Once a Surfer . . .
I recently came across this old photo of me and my surfing buddy Karen. We were probably 15 or 16 at the time – wasn’t I cute back then! Obviously no surf that day, so we were coming in early. I used to spend 7-8 hours a day out on the water in Ogunquit, Maine when there were any kind of waves – only stopping for lunch and hot coffee to soothe my chattering teeth and blue lips, then going back out until my family stood on shore and waved me in because they wanted to go home. Now, almost 45 years later, I still don’t want to get off that board. Can’t wait for summer! Karen, Brenda, Margi, Becky, Violet, fellow SUP Gals and all lovers of being on the water, do you feel me?
I can only remember one bad experience on the water as a surfer. It was November and a hurricane had passed by leaving awesome waves in its wake. I begged my father (I didn’t yet have a driver’s license) to take me surfing. He took me to Safety Beach in Nahant and stayed in the car, watching me with binoculars.

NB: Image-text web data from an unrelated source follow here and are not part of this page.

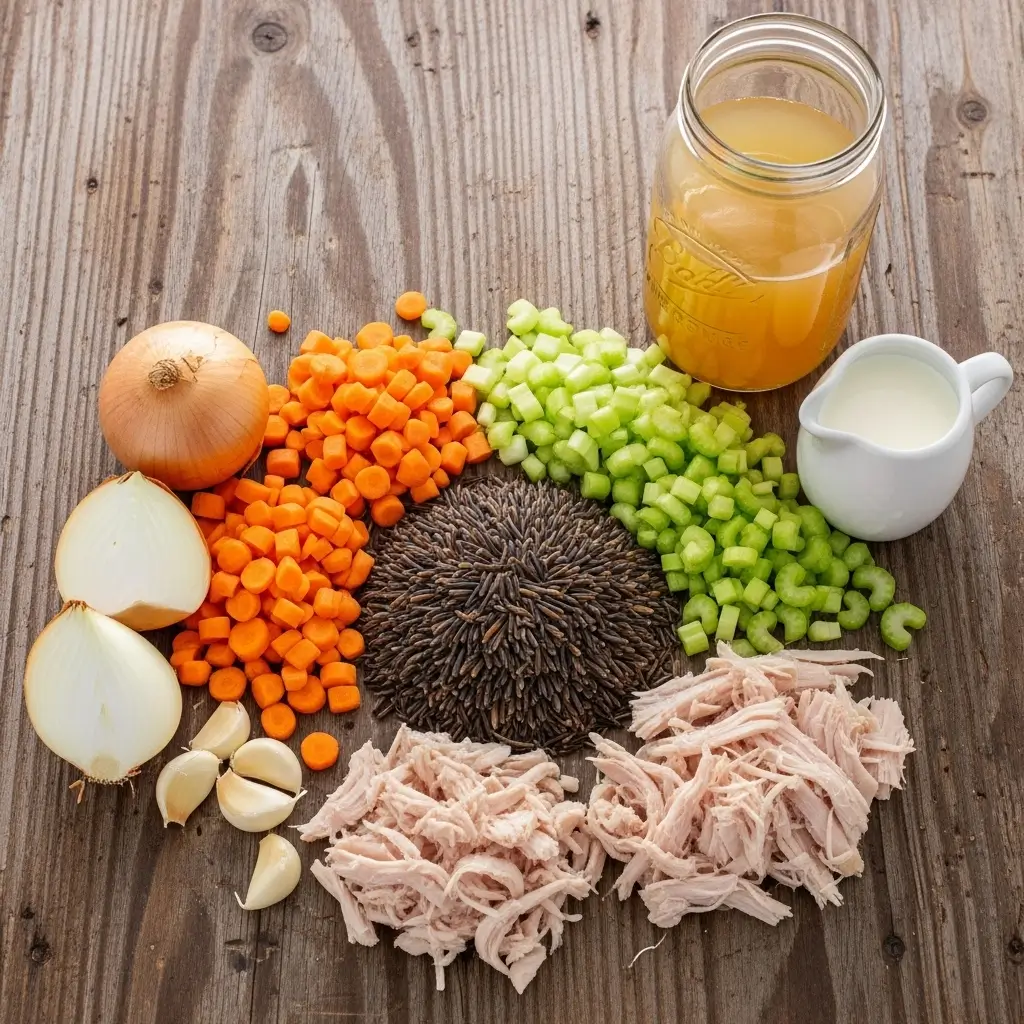 Ingredients for Creamy Turkey Wild Rice Soup laid out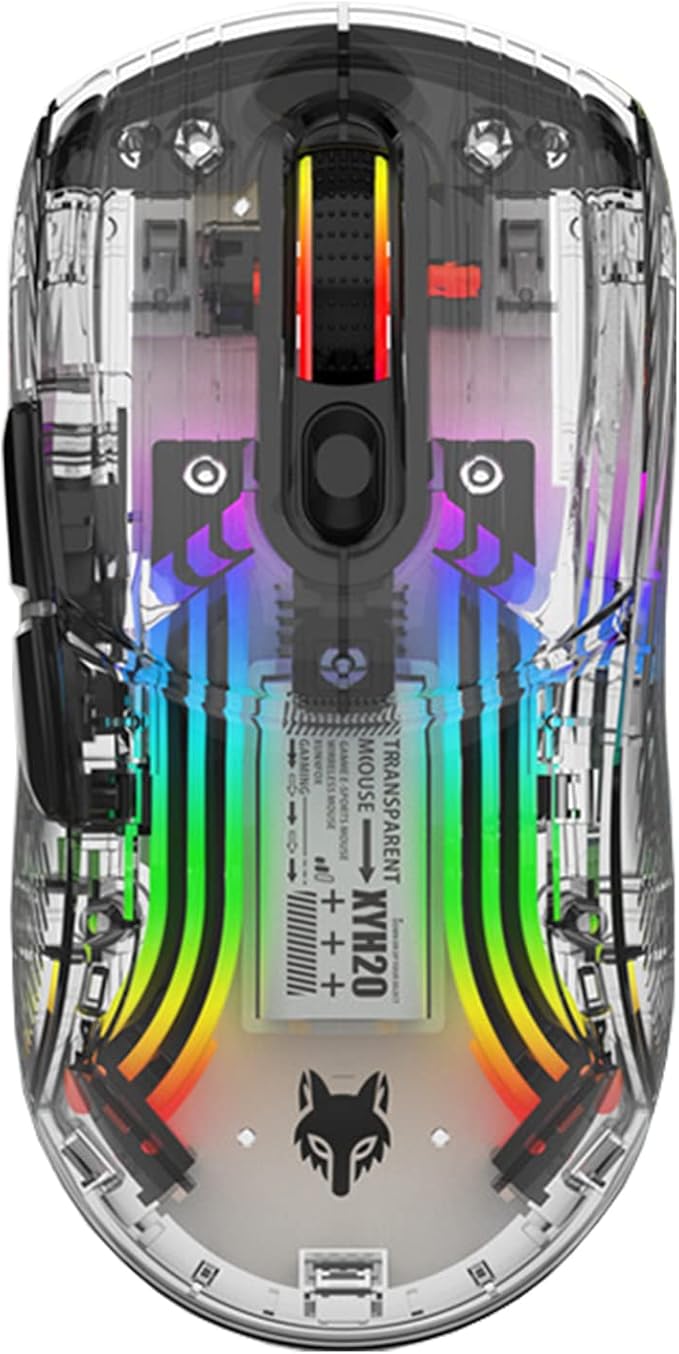 Bluetooth Wireless Mouse, Transparent RGB Mechanical Dual Mode Gaming Mouse, A Must-Have Cool USB Computer Mouse for Gaming and Esports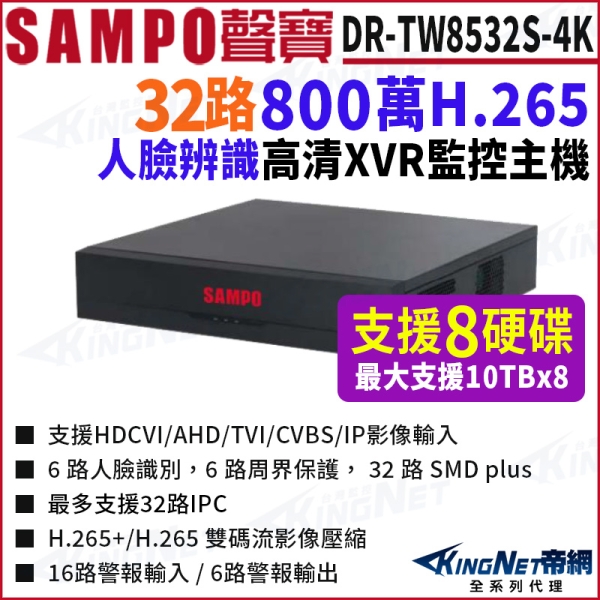 SAMPO聲寶 DR-TW8532S-4K 32路 4K-N/5MP 人臉辨識 支援8硬碟 XVR 錄影主機 DVR KingNet帝網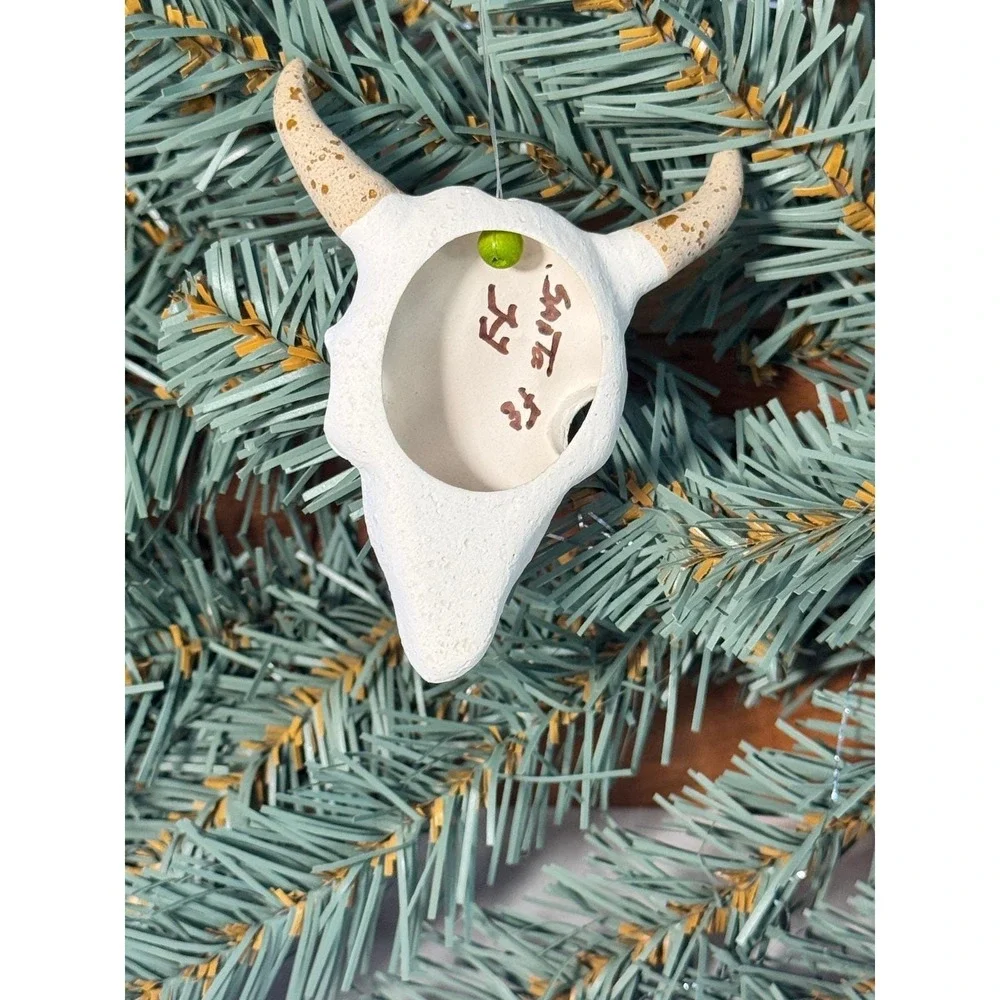 Vintage Santa Fe Steer Skull Ornament White Turquoise Southwestern Rustic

Surf was running 10-12 feet; my norm was 3-5 on a good day. It took me a long time to make it out beyond the breakers. He says I was half way to Egg Rock (probably 1/2 a mile out). By the time I got out, I was exhausted and had to sit out the incoming set of monsters while I caught my breath, plus I was scared shitless, never having been out in surf that big before. Three or four big swells raised me high to their crest and then down into their trough. Then I made the near fatal mistake of turning my back to the sea. The next wave was huge, and when I looked back, it was preparing to break over me. There was nothing I could do. It crashed and sent me flying from my board, and sent my board careening to shore without me (they didn’t have tethers back in those days). After that, every wave crashed on me, pushing me far below the surface in a maelstrom of swirling water. I would reach the surface just in time to grab a breath of air, before the next wave crashed, pushing me into the depths. I was certain I would drown that day. Thank God it was cold so I was wearing a full wetsuit or I certainly would have. At the same time, the current was pushing me further down shore from where I had gone in.
I eventually made it to shore, collapsing exhausted at the water’s edge where my Dad arrived to help me back to the car.
That experience gave me the greatest respect for the ocean, which I still love passionately, but with the healthy modicum of fear, that we all should have.